=== WHAT THE EXERCISE ASKS ===
Beneath this line sits some data. Return only its lines from the one holding "他们在外援 他们在外援" through the one holding "Aircraft Photo of", inclusive, exactly, with the images removed.

=== RECORDS FOR THE TASK ===
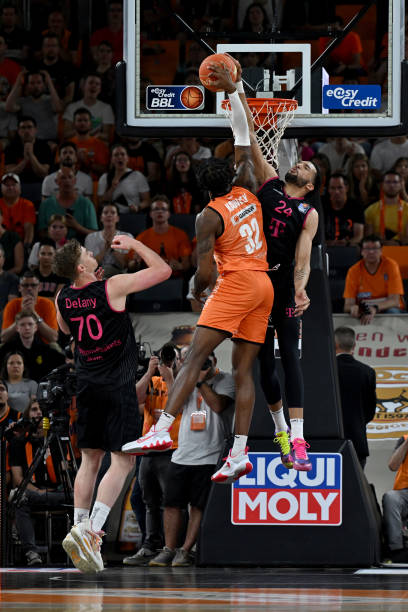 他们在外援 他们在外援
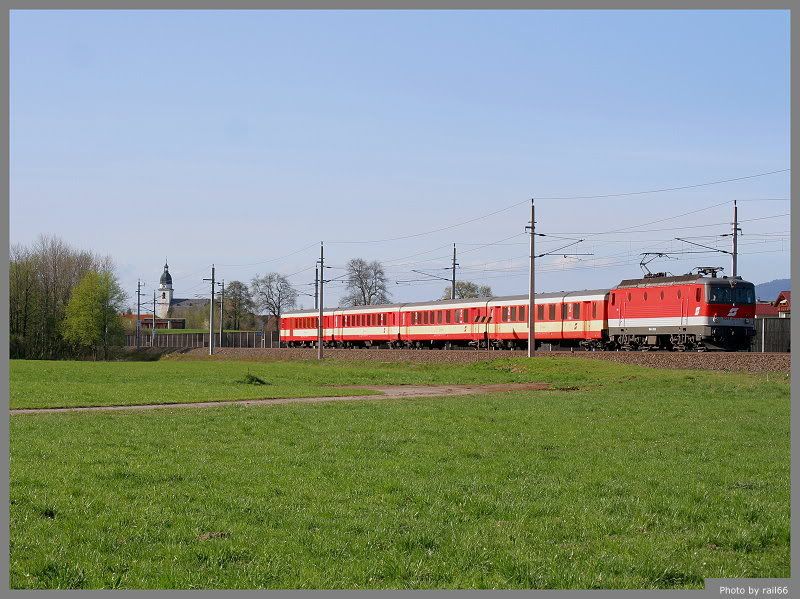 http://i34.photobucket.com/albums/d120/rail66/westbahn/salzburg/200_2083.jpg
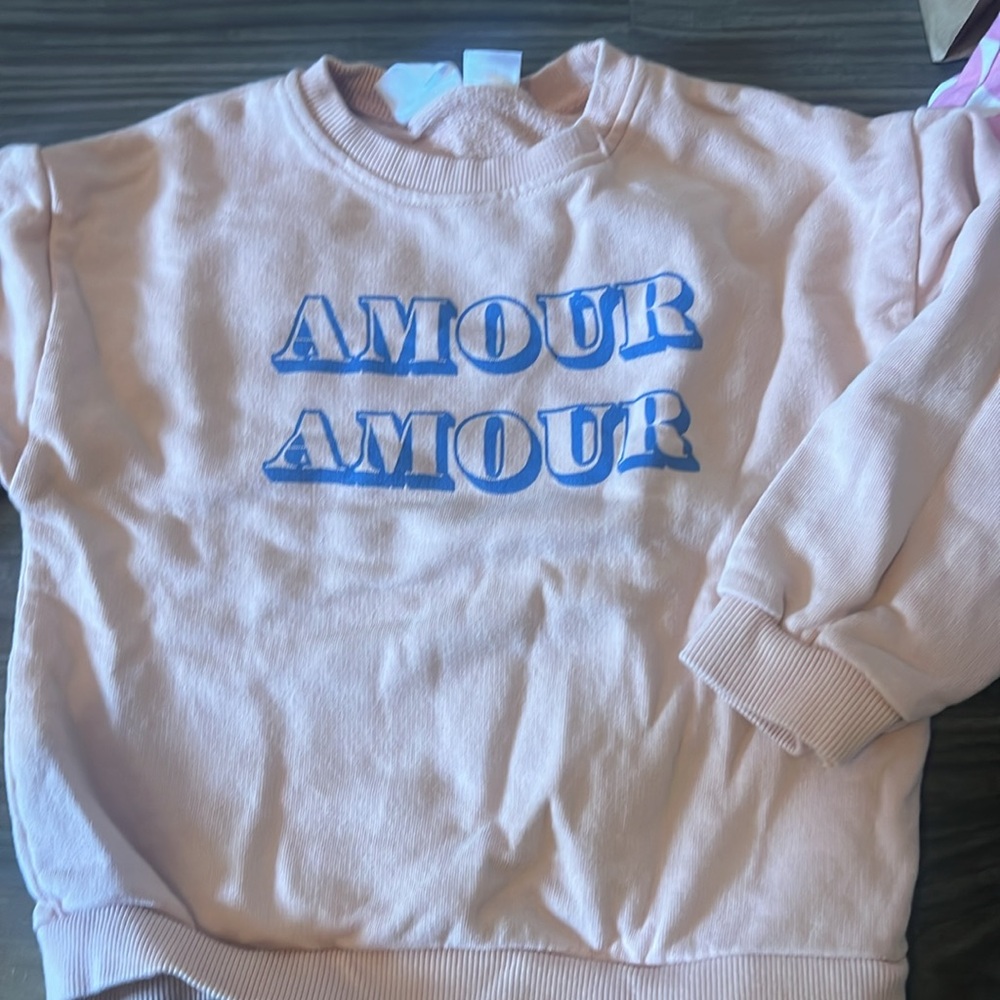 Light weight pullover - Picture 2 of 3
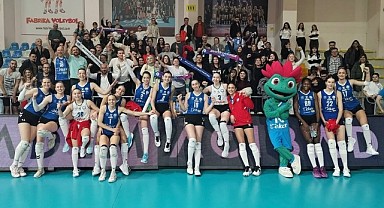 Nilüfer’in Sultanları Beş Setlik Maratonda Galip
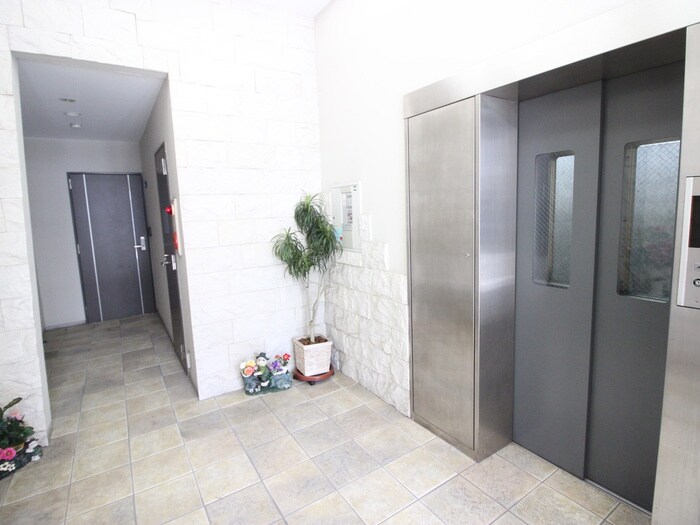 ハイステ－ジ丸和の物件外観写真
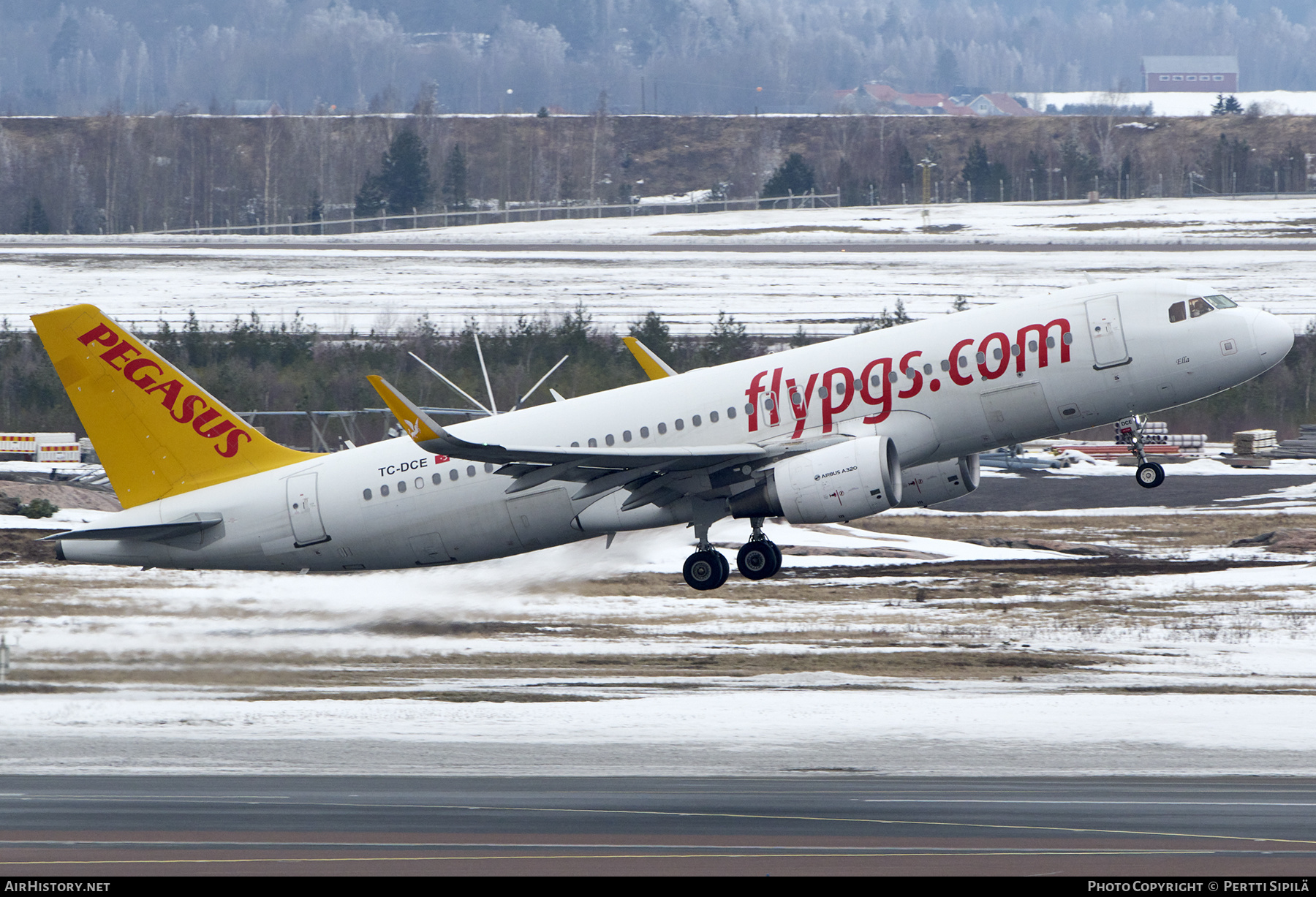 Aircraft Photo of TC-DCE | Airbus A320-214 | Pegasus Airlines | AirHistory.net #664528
==
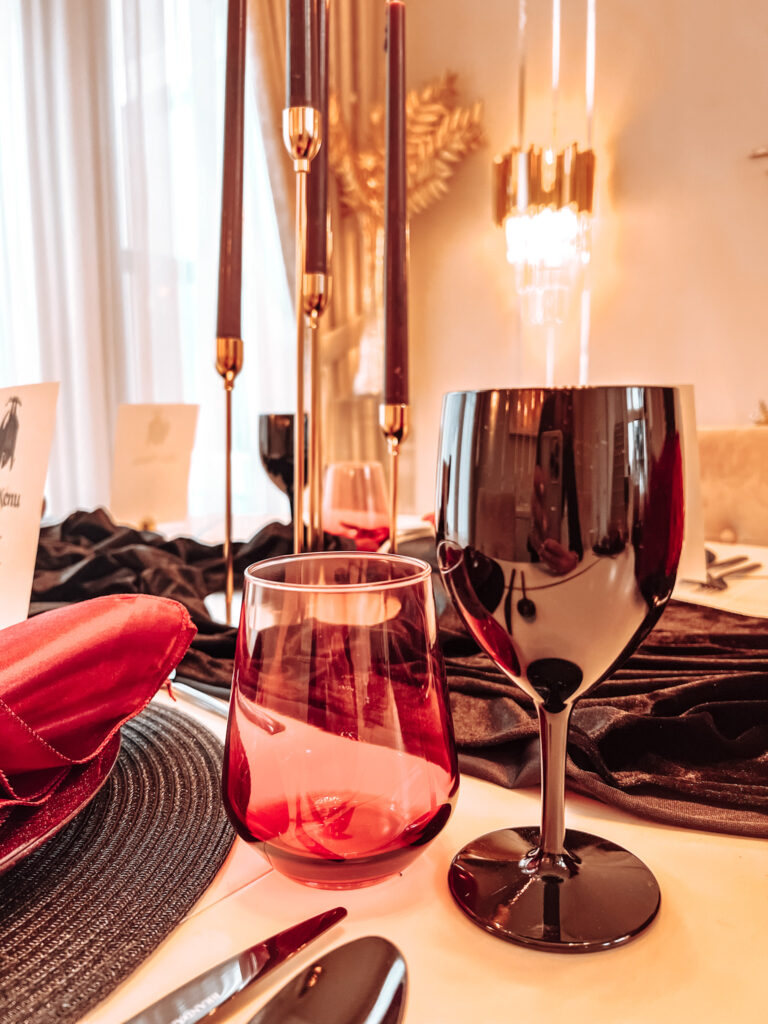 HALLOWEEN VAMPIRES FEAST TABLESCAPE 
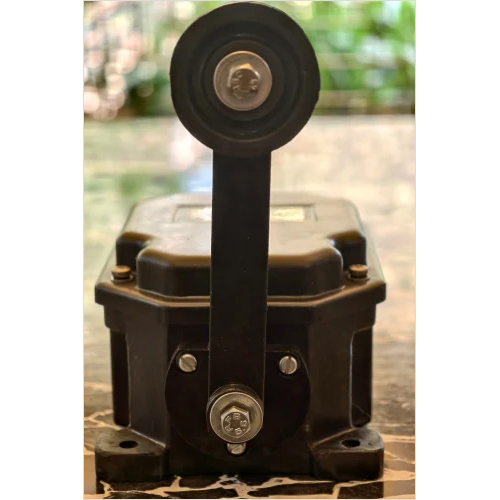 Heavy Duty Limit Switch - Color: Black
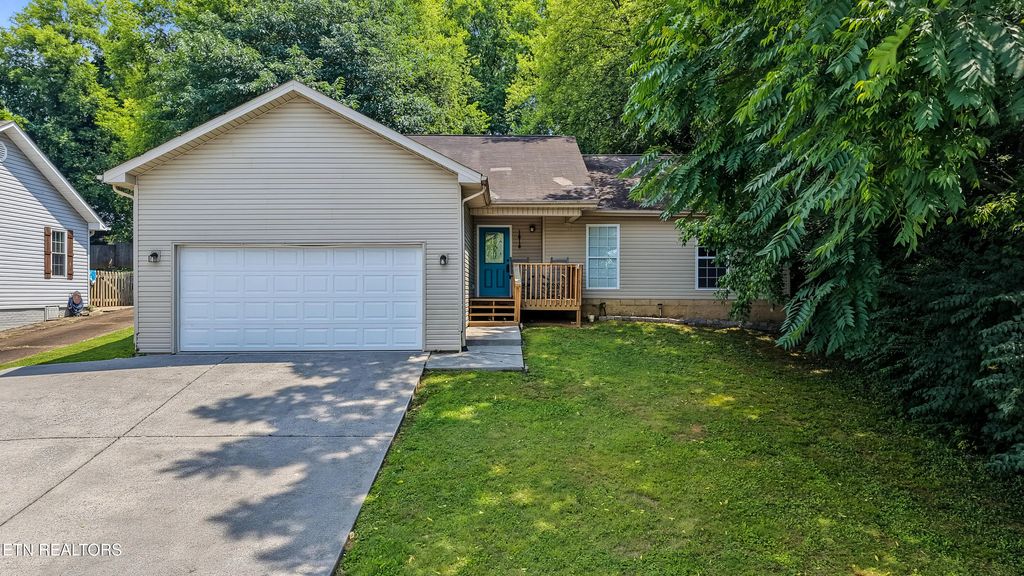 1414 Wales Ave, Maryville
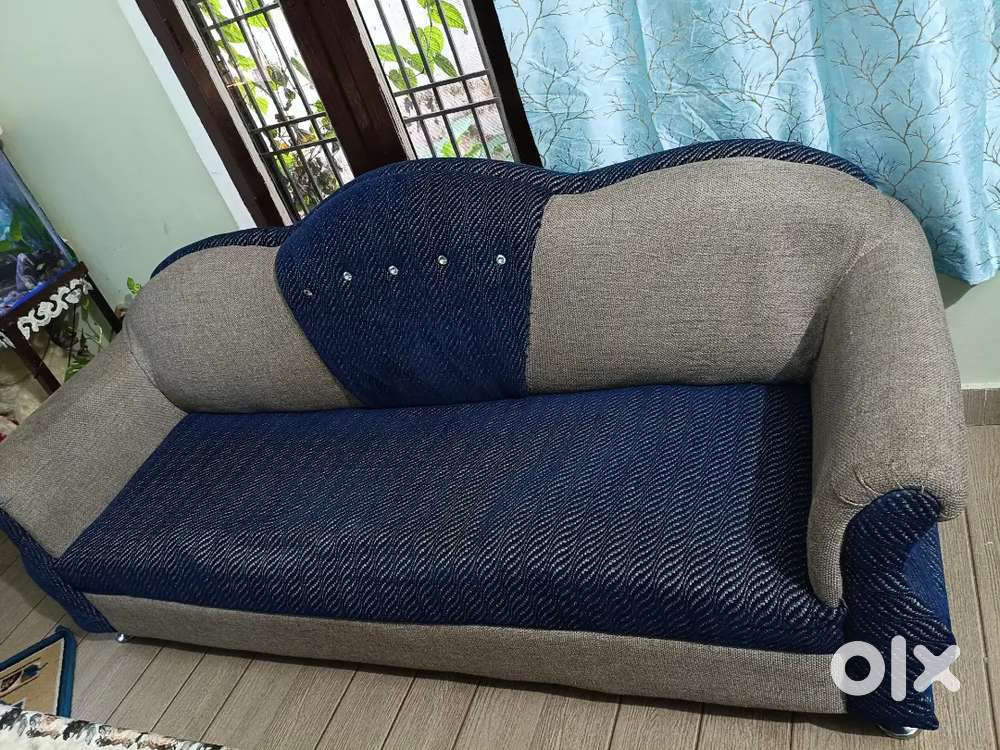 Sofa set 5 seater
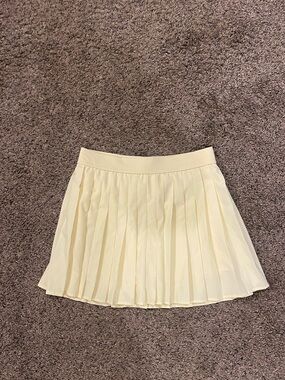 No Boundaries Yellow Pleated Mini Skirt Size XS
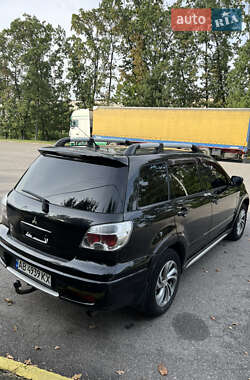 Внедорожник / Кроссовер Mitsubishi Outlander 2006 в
---
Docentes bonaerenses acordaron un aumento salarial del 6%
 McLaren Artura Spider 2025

=== ANSWER FOR THE TASK ===
 他们在外援 他们在外援
 http://i34.photobucket.com/albums/d120/rail66/westbahn/salzburg/200_2083.jpg
 Light weight pullover - Picture 2 of 3
 Nilüfer’in Sultanları Beş Setlik Maratonda Galip
 ハイステ－ジ丸和の物件外観写真
 Aircraft Photo of TC-DCE | Airbus A320-214 | Pegasus Airlines | AirHistory.net #664528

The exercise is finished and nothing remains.